I think I need to be more thankful.  No, I know I need to be more thankful, more aware of the blessings in my life.  But, I really don't want to thank God for anything right now.  I don't want to give in and let him win.  It's like I'm a willful little child all over again!  If I begin thanking God for the good things it's as if I'm giving up on being sad over Cora or like I'm letting God off the hook for taking her.  I want him to know I'm still mad about it.  Sometimes I want to try to punish him by witholding myself -my love, my approval, my worship- from him.  What sin!  Am I God that I should judge his actions and attempt to punish him?!  Yet, this is what I do in my heart.  -As if I am anything that God would be less without me!  Ha!

So, I will breathe a big sigh and surrender.  God wins this battle in my heart, and I become his restored daughter once again.  

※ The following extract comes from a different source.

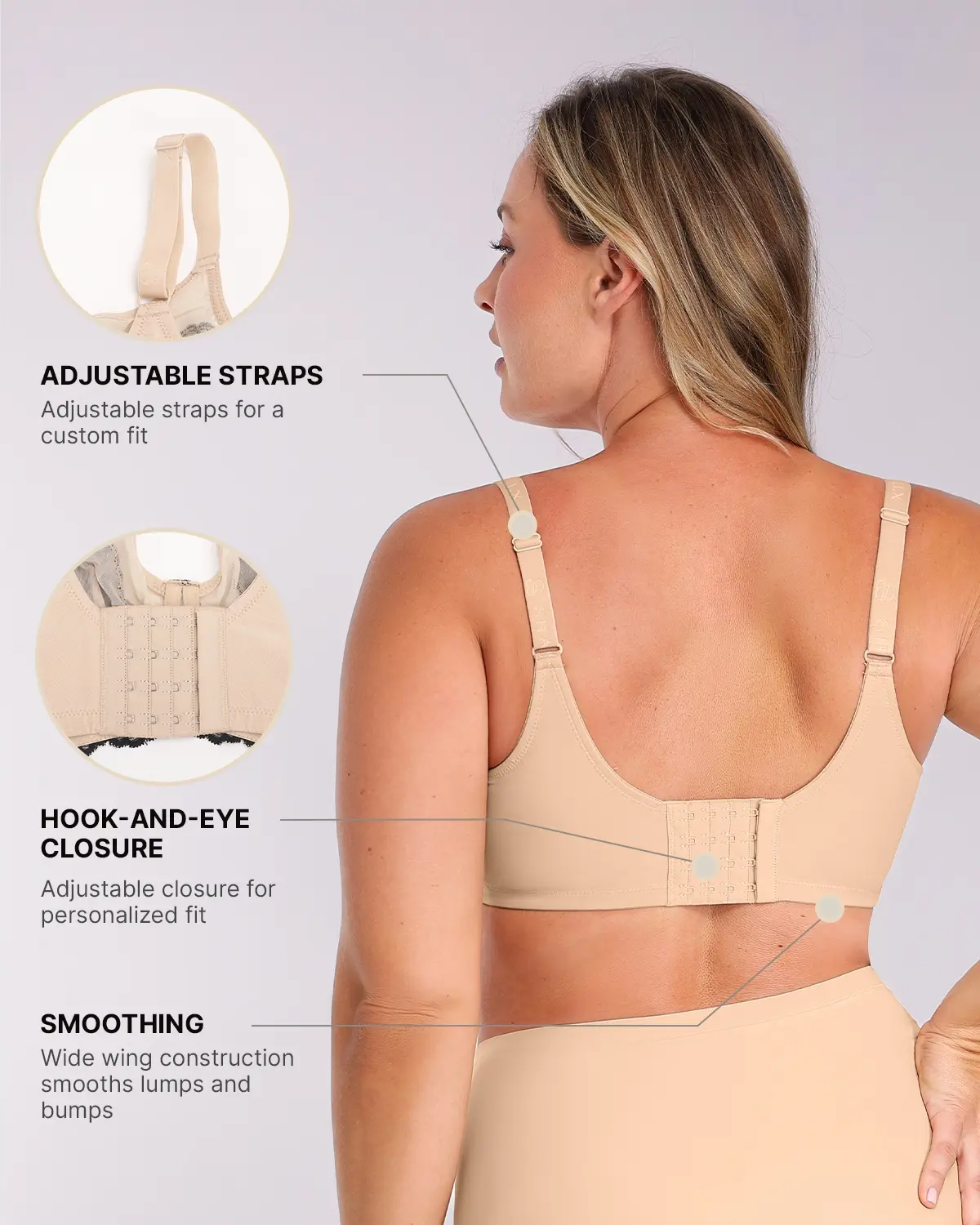 Bare Essentials™ AirSlim® Supportive Unlined Lace Underwired Bra - Image 15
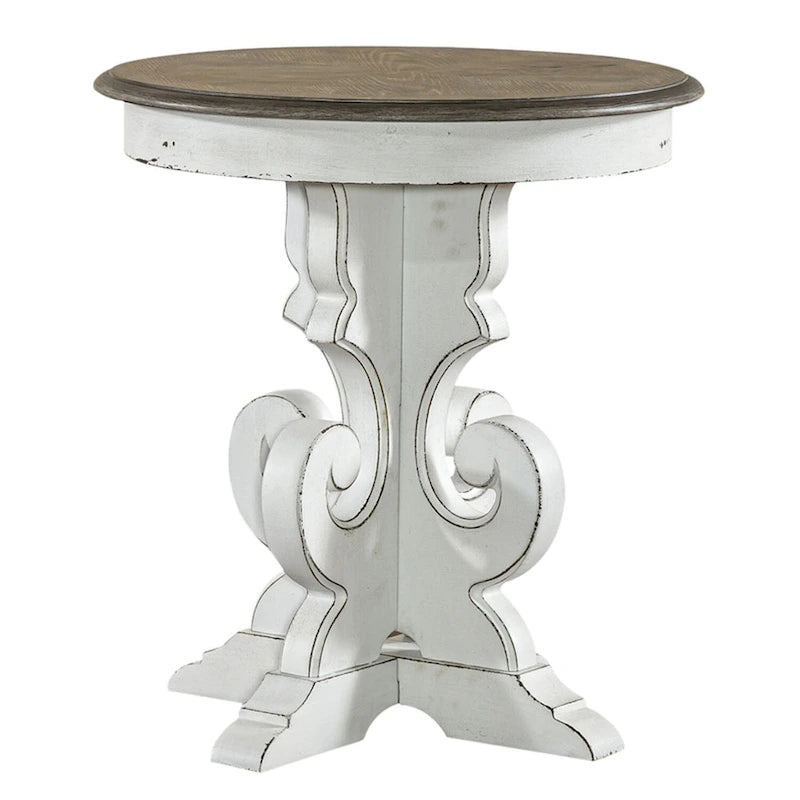 Table d'appoint ronde - 2 options de finition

Jesus, forgive me.  Lord, thank you for:

-My husband who loves me
-My mom and dad who cling to your truth and encourage me with it
-Today's sunshine and blue sky
-The glorious fall weather and golden aspen leaves
-Our cozy home
-The wildflowers blooming out back (They're Cora's flowers.  I had given up on them, but they began blooming around the time of her due date.)
-The Weerasooriya family and how they've blessed me
-My mother-in-law who carries the burden of grief with me and sits with me in times of fear and sadness
-My Gracie dog whose cuteness ought to be bottled and shared with others who need to smile
-Students for my music studio
-Your forgiveness of my many sins
-The Grief Workshop and the people there who are walking through their own valleys of death
-Old friends, near and far, who challenge me to extend the same Grace that God gives me
-The prayers of saints around the world which have upheld us
-Music that speaks the language of the soul when mere words cannot express the depths
-Tears that are a meager meal but that satisfy and enable me to face the day

Thank you, my God, for you -the Victor.  You win every time.

2 comments:

Cindy said...

You speak in such authentic tranparency. I am just speechless. I just wanted to comment but don't know what to say. He is Victor. He will always win no matter what. Love you.

Rushika said...

readign this comment reminds me so much of how many times I have felt like I dont want to let God off the hook or that i want him to know I am still mad, and my hurts were no where close to what you're going through here. one thing that encouraged me is in understanding that the nature of God isnt like my nature. my resentment toward him usually stems from thinking he abused his absolute power by taking something precious away from me. If I had the kind of power he had my human nature would probably abuse that power. but God is unable to abuse power as he is holy. so then his intentions were pure as hard as it is to see them at that time. my mother when she lost her baby and was told by many friends to turn away from such a cruel God simply said 'whatever he does, I know my god is good' and its in that goodness that we can place our trust. he IS good. All the time. even when he doesnt make it clear to us why he did what seems so cruel. what you are going through is beyond anything I can understand and i will not pretend to be able to understand. it makes me mad sometimes to think God could have good intentions in taking away a gift or letting you hope so long and then snatch Cora from you - but then I realize I am seeing God as cruel and snatching as that's how us humans do things if we had the kind of control he has. he is not human. he is God. and he is good.